Bird
Raised Fist0
NlpHow-ToBeginner · 4 min read

How to Use Sentence Transformers in Python for NLP Tasks

Use the sentence-transformers Python library to convert sentences into vectors by loading a pre-trained model with SentenceTransformer and calling encode() on your text. These vectors can then be used for tasks like semantic search, clustering, or classification.
📐

Syntax

The main steps to use sentence transformers in Python are:

  • from sentence_transformers import SentenceTransformer: Import the model class.
  • model = SentenceTransformer('model_name'): Load a pre-trained model by name.
  • embeddings = model.encode(sentences): Convert one or more sentences into vector embeddings.

These embeddings are numerical arrays representing the meaning of sentences.

python
from sentence_transformers import SentenceTransformer

# Load a pre-trained model
model = SentenceTransformer('all-MiniLM-L6-v2')

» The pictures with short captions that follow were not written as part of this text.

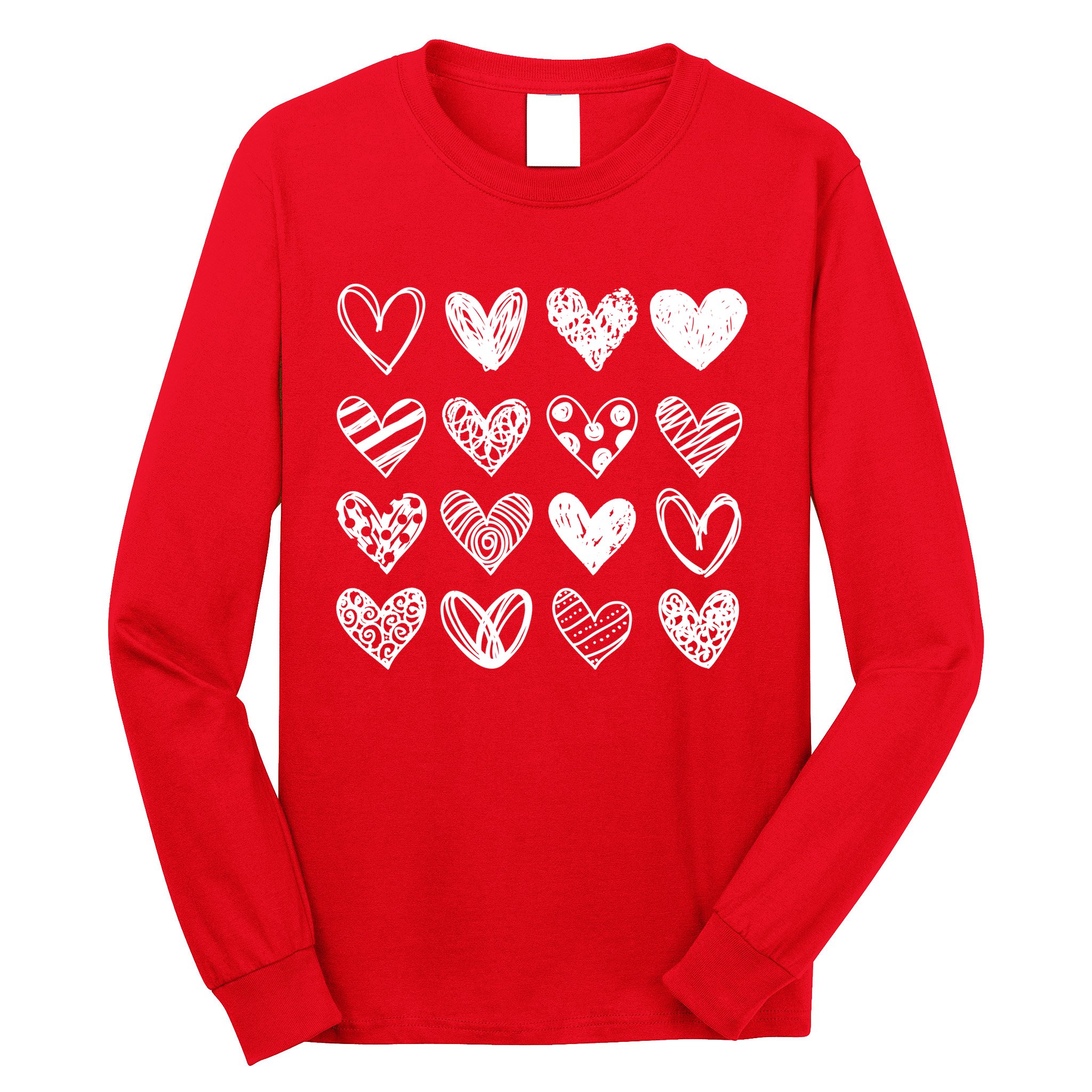 Valentines Day Pattern Hearts Long Sleeve Shirt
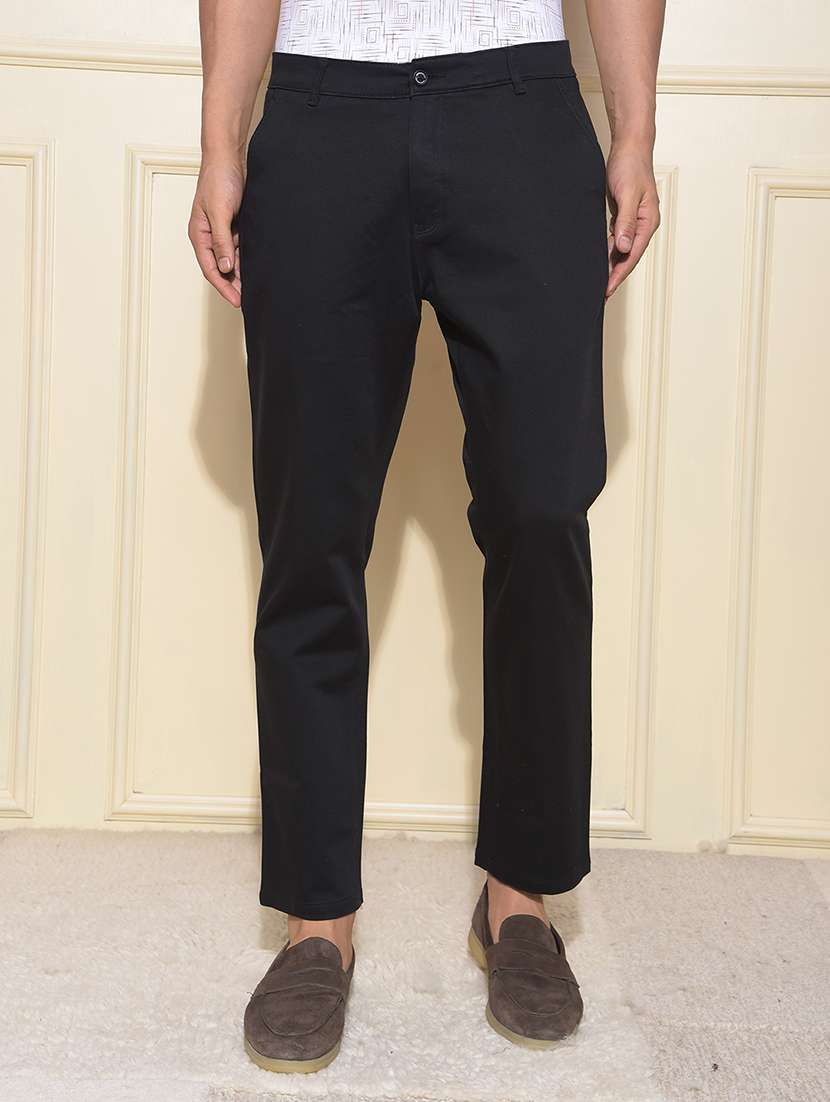 men solid mid rise straight fit chinos - 22030684 - Zoom Image - 0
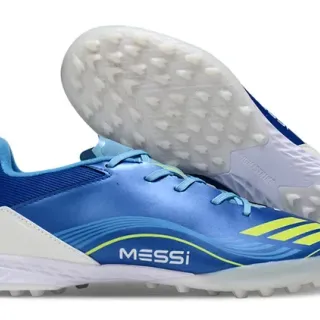 Adidas Zapatillas de fútbol turf azul amarillo low-cut synthetic upper dynamic wave graphic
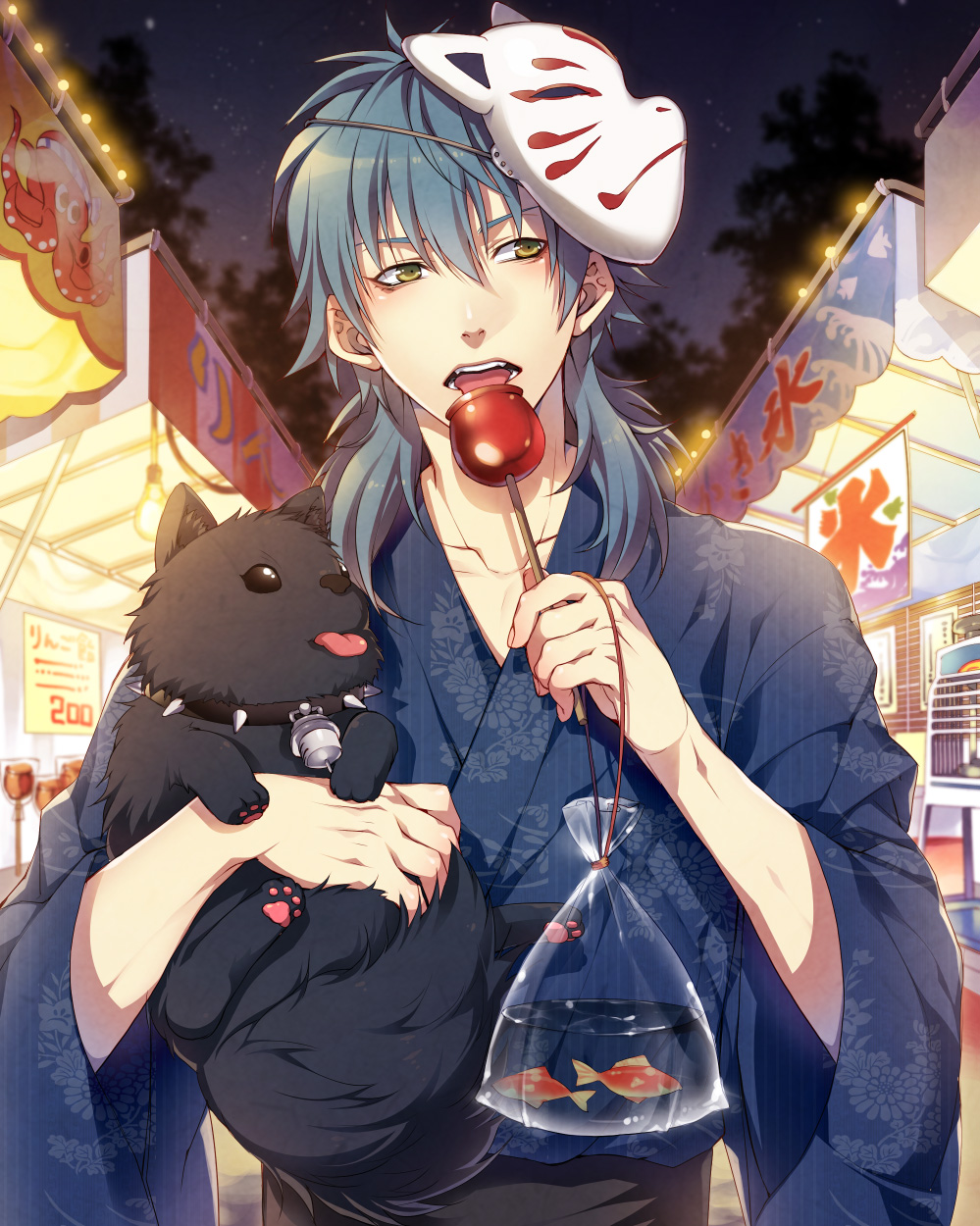 1boy, bag, bagged_fish, blue_hair, candy_apple, dog, dramatical_murder, fish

# Encode sentences to get embeddings
sentences = ['This is an example sentence', 'Each sentence is converted']
embeddings = model.encode(sentences)

print(embeddings.shape)
Output
(2, 384)
💻

Example

This example shows how to load a model, encode sentences, and compare their similarity using cosine similarity.

python
from sentence_transformers import SentenceTransformer, util

# Load model
model = SentenceTransformer('all-MiniLM-L6-v2')

# Sentences to encode
sentences = ['I love machine learning', 'I enjoy studying AI', 'The weather is sunny today']

# Get embeddings
embeddings = model.encode(sentences, convert_to_tensor=True)

# Compute cosine similarity between first two sentences
similarity = util.pytorch_cos_sim(embeddings[0], embeddings[1])

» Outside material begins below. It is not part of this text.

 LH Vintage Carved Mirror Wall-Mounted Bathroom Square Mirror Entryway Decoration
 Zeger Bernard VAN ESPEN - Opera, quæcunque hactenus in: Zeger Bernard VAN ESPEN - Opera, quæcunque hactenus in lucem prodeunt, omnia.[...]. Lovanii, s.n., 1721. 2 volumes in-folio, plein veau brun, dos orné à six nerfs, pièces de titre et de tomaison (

print(f"Similarity between sentence 1 and 2: {similarity.item():.4f}")
Output
Similarity between sentence 1 and 2: 0.7924
⚠️

Common Pitfalls

Common mistakes when using sentence transformers include:

  • Not installing the sentence-transformers package before use.
  • Passing a single sentence as a string instead of a list to encode().
  • Forgetting to convert embeddings to tensors when using similarity functions that require tensors.
  • Using very large models unnecessarily, which slows down encoding.
python
from sentence_transformers import SentenceTransformer

model = SentenceTransformer('all-MiniLM-L6-v2')

# Wrong: passing string instead of list
# embeddings = model.encode('This is a sentence')  # This works but returns 1D array

# Right: pass list even for one sentence
embeddings = model.encode(['This is a sentence'])

print(embeddings.shape)  # (1, 384)
Output
(1, 384)
📊

Quick Reference

Function/MethodPurpose
SentenceTransformer('model_name')Load a pre-trained sentence transformer model
model.encode(sentences)Convert sentences (list) to vector embeddings
util.pytorch_cos_sim(vec1, vec2)Calculate cosine similarity between two vectors
convert_to_tensor=TrueOption in encode() to get PyTorch tensors for similarity
model.encode(['sentence'])Encode a single sentence as a list to get 2D array

Key Takeaways

Load a pre-trained model with SentenceTransformer('model_name') before encoding.
Always pass a list of sentences to model.encode() for consistent output shape.
Use embeddings for tasks like similarity by computing cosine similarity between vectors.
Install the sentence-transformers package via pip before using it.
Choose smaller models like 'all-MiniLM-L6-v2' for faster encoding with good accuracy.